Yesterday, the U.S. Senate confirmed Eugene Scalia to succeed Alex Acosta as the Secretary of Labor. Scalia was confirmed along party lines on a vote of 53-44. Last week, Scalia told lawmakers that he may have to recuse himself from the work involved in fiduciary rulemaking due to his involvement in litigation pertaining to the 2016 Fiduciary Rule. Scalia stated that he would seek guidance from the Department of Labor’s (DOL) designated agency ethics official with respect to his ability to participate in such work. However, if Scalia were to be required to recuse himself, political decisions regarding the final rule would likely fall to Patrick Pizzella, the deputy labor secretary who has been the acting head since Acosta stepped down earlier this year.
As early as this fall, we may see the DOL issue new guidance on rollovers (a significant and uncertain issue in the wake of the Fiduciary Rule’s demise) and, in all likelihood, a proposed class exemption applicable to broker-dealers, which, at its heart, could condition relief on adherence to new Regulation Best Interest.
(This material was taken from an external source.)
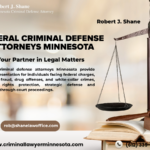 Minneapolis Criminal Attorney | Professional Legal Assistance For Your Case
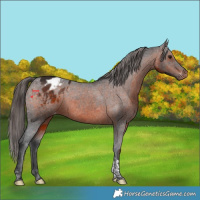 Horse Color:Brown Tobiano Varnish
We do not anticipate the DOL to reformulate the ways in which one becomes an investment advice fiduciary under ERISA (i.e., expanding the ways in which one becomes a fiduciary).
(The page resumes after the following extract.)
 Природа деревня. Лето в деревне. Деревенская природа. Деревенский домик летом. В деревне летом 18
Finally, we are keeping a close eye on new guidance from the DOL on proxy voting over the next few weeks. You may recall that the President issued an Executive Order in April that, in part, required the DOL to examine if new guidance in this area was necessary. The DOL could decline to issue new guidance, since Field Assistance Bulletin 2018-01 addressed proxy voting. We will provide an update as soon as any new guidance on these issues becomes available.
Over the past 2 years, the states have taken disparate approaches to filling what they perceive as a regulatory void when the DOL Fiduciary Rule was struck down by a federal court. At the outset, most states, with the exception of Nevada, took a disclosure-based approach (most notably, NY and NJ), and legislation was the preferred avenue. Now, the trend is toward heightening the standard of care (disclosure appears to be viewed skeptically) through regulation (executive/governor’s branch). Though it varies by state, there at times can be incongruity of approach taken within a state. For example, the New Jersey legislation favored disclosure, whereas Governor Murphy preferred a new standard of care. Though the New Jersey legislation is unlikely to be reintroduced next year, it highlights a risk for market participants when there is inconsistency intrastate and interstate. We are expecting to see draft bills over the coming months for the next session in a small handful of states, but will also keep a (very) close eye on if and when either or both of New Jersey and Massachusetts decide to move forward with their fiduciary duty regulations applicable to broker-dealers and investment advisers. Nevada is also likely to be moving forward with finalization on its proposed fiduciary implementing regulation.